What This Application Specifies

This application specifies how the structural content identity disclosed in PCT International Application No. PCT/US26/28630 applies to binary and firmware artifacts in a software supply chain. The core mechanism is a multi-axis variance vector extracted from the internal structure of an artifact rather than from its file name, storage path, signature, or build metadata. The disclosure describes a normalization procedure for binary object artifacts, including executable files, compiled archives, container payloads, and source code files, that maps the byte sequence of the artifact to a two-dimensional scalar field by reshaping the byte stream into a square or near-square matrix at a canonical resolution.
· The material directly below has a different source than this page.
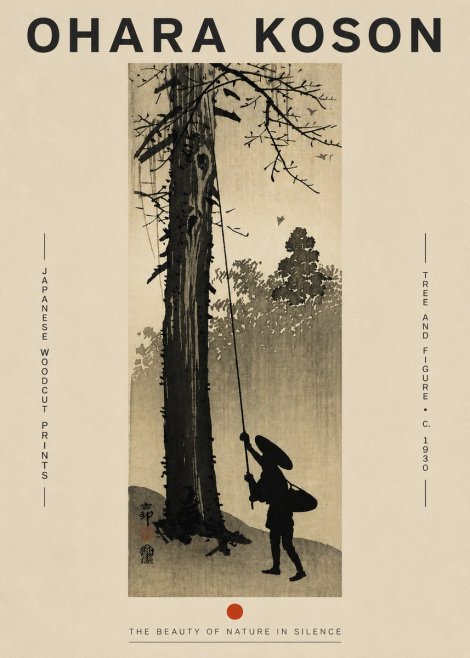 Ohara Koson Tree and Figure No4 - Plakat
From that scalar field the pipeline computes per-cell statistics from sliding-window byte variance, byte-frequency entropy approximated as the variance of byte-frequency counts within the window, and structural-section profile values where the artifact carries a recognized container structure such as a portable executable, an executable and linkable format, or an archive index. The same multi-axis variance vector extraction pipeline that operates on images and audio then derives a unique identifier (UID) encoding the byte-level structural texture, sectional layout, and statistical regularity of the binary. Because the UID encodes a position in a continuous variance space, cosine similarity between two identifiers is directly computable. The disclosure states that this supports comparison across recompiled, repacked, or partially patched variants of the same underlying payload.
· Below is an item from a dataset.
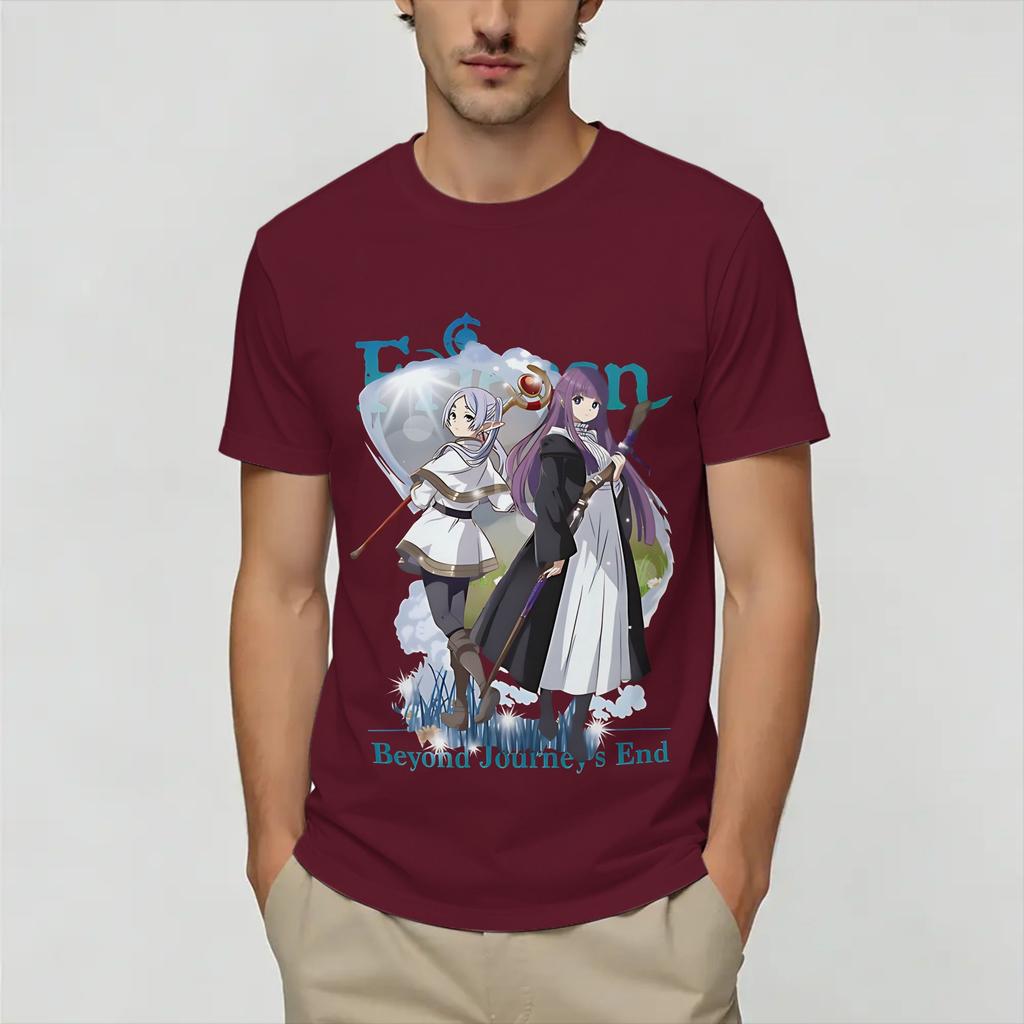 Frieren Beyonds T Shirt for Unisex Cotton Funny TShirts Round Neck Tee Shirt Short Sleeve Tops Summer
On top of identity, the disclosure specifies a provenance layer: multi-root lineage graphs that link a derivative UID to one or more parent UIDs with edge weights proportional to variance inheritance, a version history record ordered by registration timestamp, and a pre-release admissibility engine that evaluates a candidate artifact against cryptographically signed, versioned policy objects before any commitment. Applied to a supply chain, the artifact under evaluation is a binary or firmware image, and the commitment boundary is a release, a registry publication, or admission into a downstream build.

Why It Matters

Conventional supply-chain integrity references artifacts by static identifiers. A cryptographic hash pins one exact byte sequence; change a single bit through a recompilation, a different toolchain version, a reproducible-build mismatch, or a vendor repack, and the hash no longer matches even though the payload is materially the same. An SBOM entry names a component and a version, but that record is decoupled from the binary's structure and requires persistent external storage to stay attached. A code signature attests that some authority signed some bytes, yet signatures are severable: strip them, re-sign with a different key, or reconstruct the artifact, and the binding is gone. The disclosure makes exactly this point about identifiers derived from storage location or transmission metadata, which are invalidated by mutation and replication and produce identity fragmentation across versions and derivatives, and about watermark-style and metadata-tag approaches whose signals are removable or externally stored.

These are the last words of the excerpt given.